Given records -
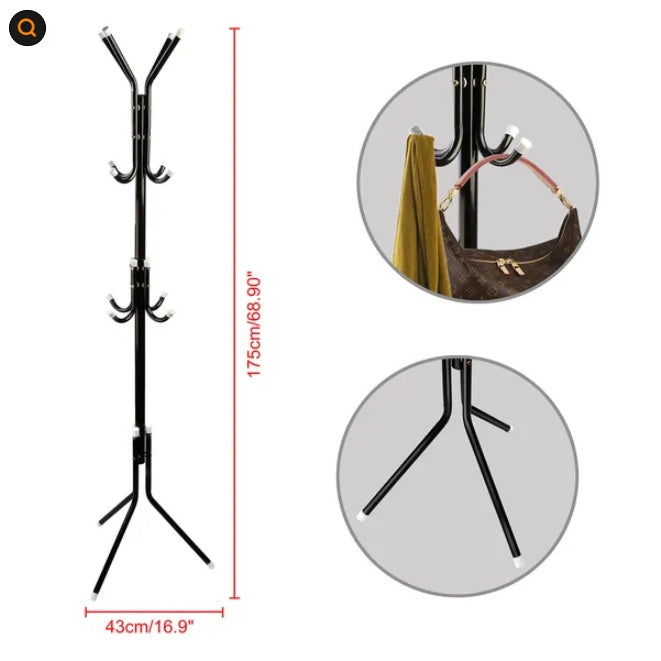 US Local Coat Rack Organizer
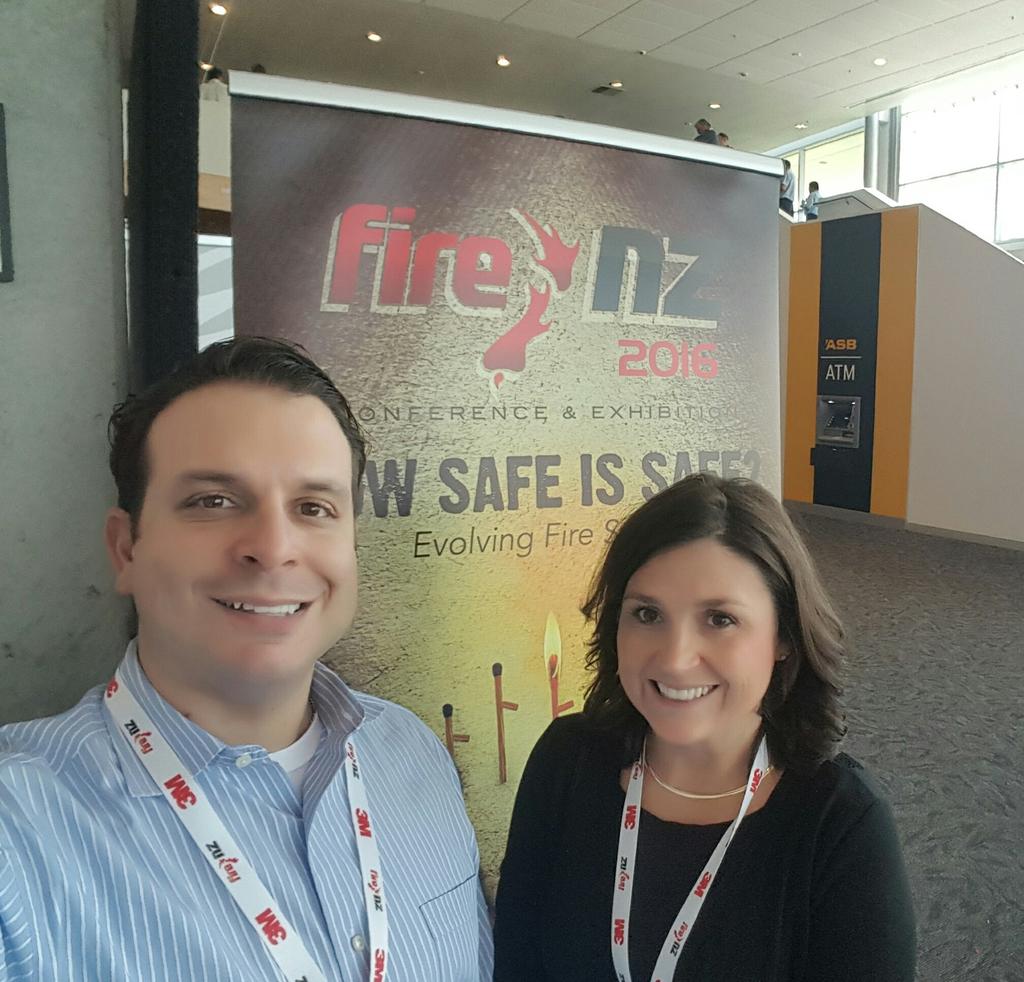 CodeStrategies's tweet photo. SCS "down under" at Fire New Zealand.  SCS's own,  @BradCronin presenting tomorrow. https://t.co/BSAi4Mltbi
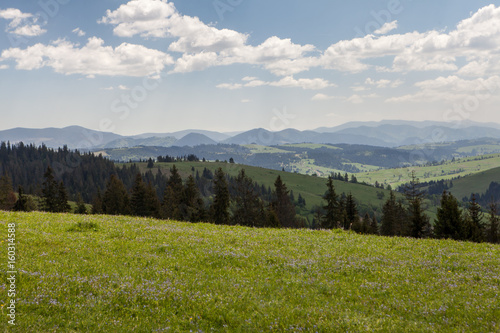 Mountain landscape  beauty of nature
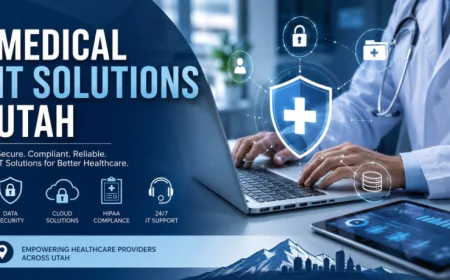 Medical IT Solutions Utah for Secure Healthcare Systems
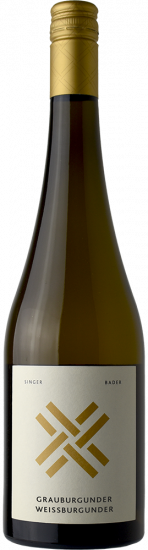2023 Grauburgunder Weißburgunder Weißweincuvée trocken - Weingut Singer-Bader
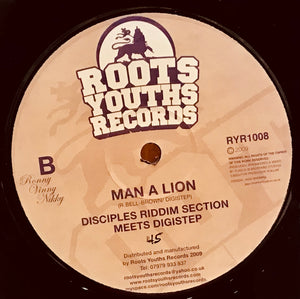 Earl Sixteen / Disciples Riddim Section Meets Digistep – Trials And Tribulation / Man A Lion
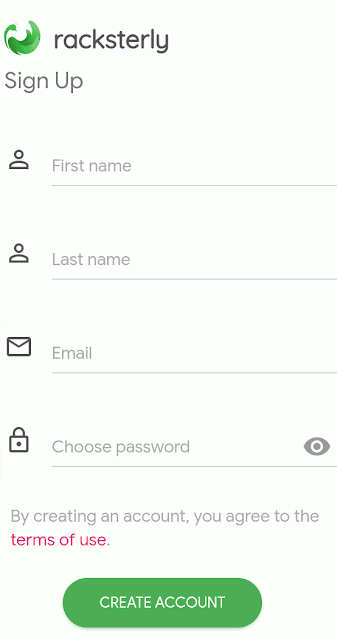 Racksterly Login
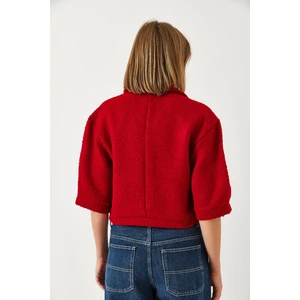 Kadın Kısa Kollu Ceket Mbms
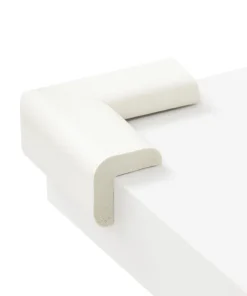 Mousse coins de table blanc x4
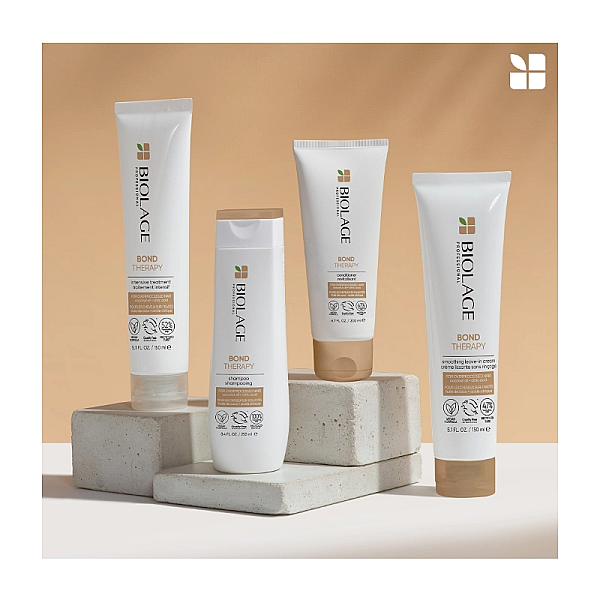 Crema leave-in bond therapy pentru parul deteriorat si supra procesat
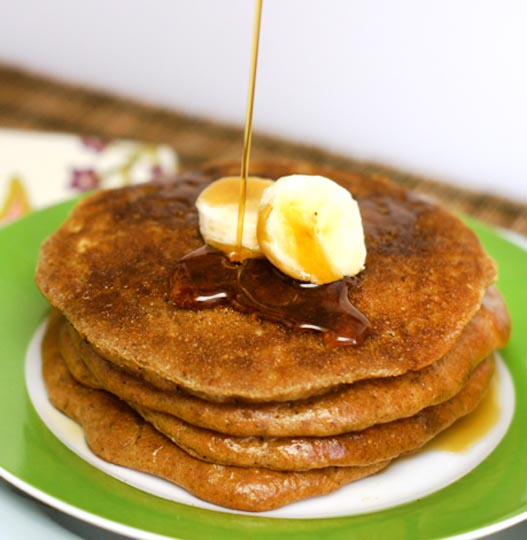 7 Photos of Almond Butter Pancakes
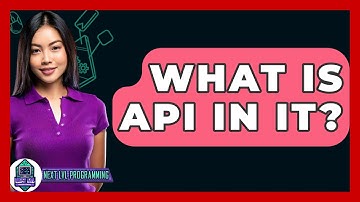 What Is API In IT? - Next LVL Programming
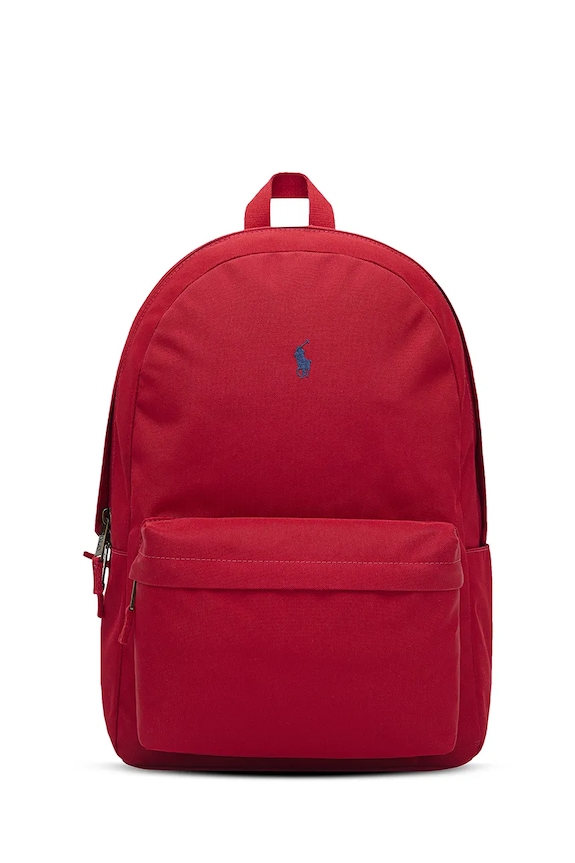 Dječji ruksak Polo Ralph Lauren crvena 9AR151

What the task requires - Set every entry down again word for word, but not the pictures.

Finished exercise -
 US Local Coat Rack Organizer
 CodeStrategies's tweet photo. SCS "down under" at Fire New Zealand.  SCS's own,  @BradCronin presenting tomorrow. https://t.co/BSAi4Mltbi
 Mountain landscape  beauty of nature
 Medical IT Solutions Utah for Secure Healthcare Systems
2023 Grauburgunder Weißburgunder Weißweincuvée trocken - Weingut Singer-Bader
 Earl Sixteen / Disciples Riddim Section Meets Digistep – Trials And Tribulation / Man A Lion
 Racksterly Login
 Kadın Kısa Kollu Ceket Mbms
 Mousse coins de table blanc x4
 Crema leave-in bond therapy pentru parul deteriorat si supra procesat
 7 Photos of Almond Butter Pancakes
 What Is API In IT? - Next LVL Programming
 Dječji ruksak Polo Ralph Lauren crvena 9AR151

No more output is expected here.